In the whole of this output it is difficult to find any sign of
wavering in the national spirit of France. Once the civilians had
decided to hold out, there could be no other stumbling-block.
Naturally, in such a range of drawings, there are many that drop into
brutality on the one hand, vulgarity on the other; but the overwhelming
majority breathe a spirit of calm, determined endurance, with a ready
laugh for hardships, a sly dig at politicians, and no little irony at
the expense of their own weaknesses and foibles. Very often, so often
as to set the key for the whole, the note is heroic, sometimes grimly
so. There is none of the splenetic fury of the German drawings about
the majority of the French ones; the Germans are ridiculed and hated,
it is true, but the spirit is more steady and less spiteful—it rests
on an emotion which for forty-five years has been a religion to the
Frenchman.

The English cartoons are as different as possible from both the French
and the German. We have no separately published prints, our postcards
have been few, vulgar, and negligible; our cartoonists are really
only offered the pages of newspapers and magazines in which to exert
their influence over us. And there cannot be two questions as to that
influence—it is the influence of good humour. The French mistake it
sometimes for indifference, but the English know better. The Germans
say they mistake it for frivolity, but they so foam at the mouth about
it that one suspects them of glimpsing the spirit behind the smile. The
grim note of Steinlen and Forain is almost wholly wanting from English
cartoons. The Kaiser, who is a devil in France, is merely making an
unholy fool of himself in England; the Crown-Prince, a mass of vice in
Paris, is "an awful silly blighter" in London.

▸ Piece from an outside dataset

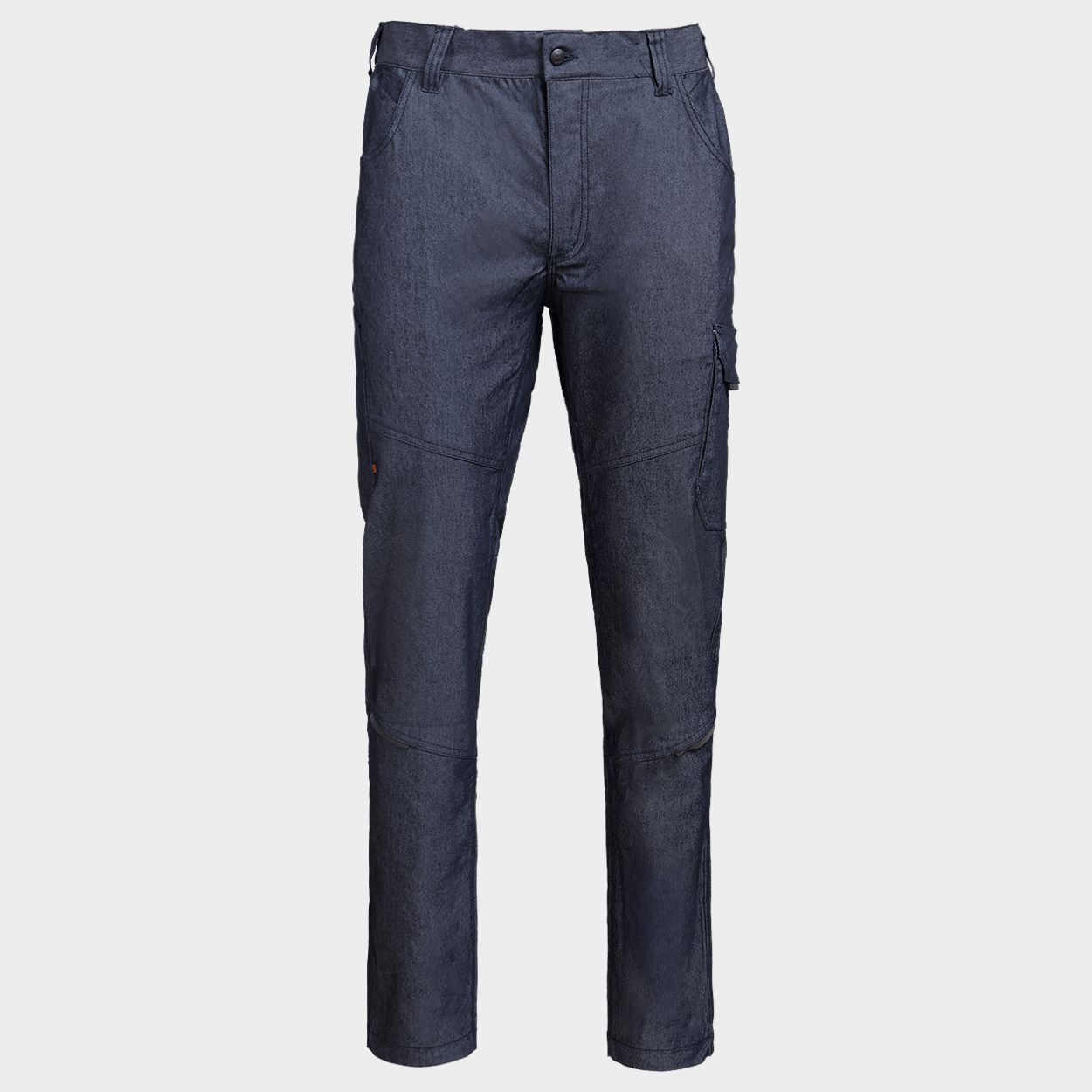 Работен панталон PRIMO STRETCH DENIM - 1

Will Dyson, the young
artist of whom Australia has such reason to be proud, is our grimmest
product, and even he lets the Prussian off more easily than do the
French artists. Because, after all, don't you know, we're going to
thrash the brutes, but there's no need to make a fuss about it, hang it
all. Let us have our pipe and our grin, and let us keep to those till
the end. For the Lord's sake don't let us have any heroics—those are
for doing, not for showing. That is the attitude which one finds over
and over again in English drawings; not contempt of danger, so much as
a serene determination to grin at it and have no fuss.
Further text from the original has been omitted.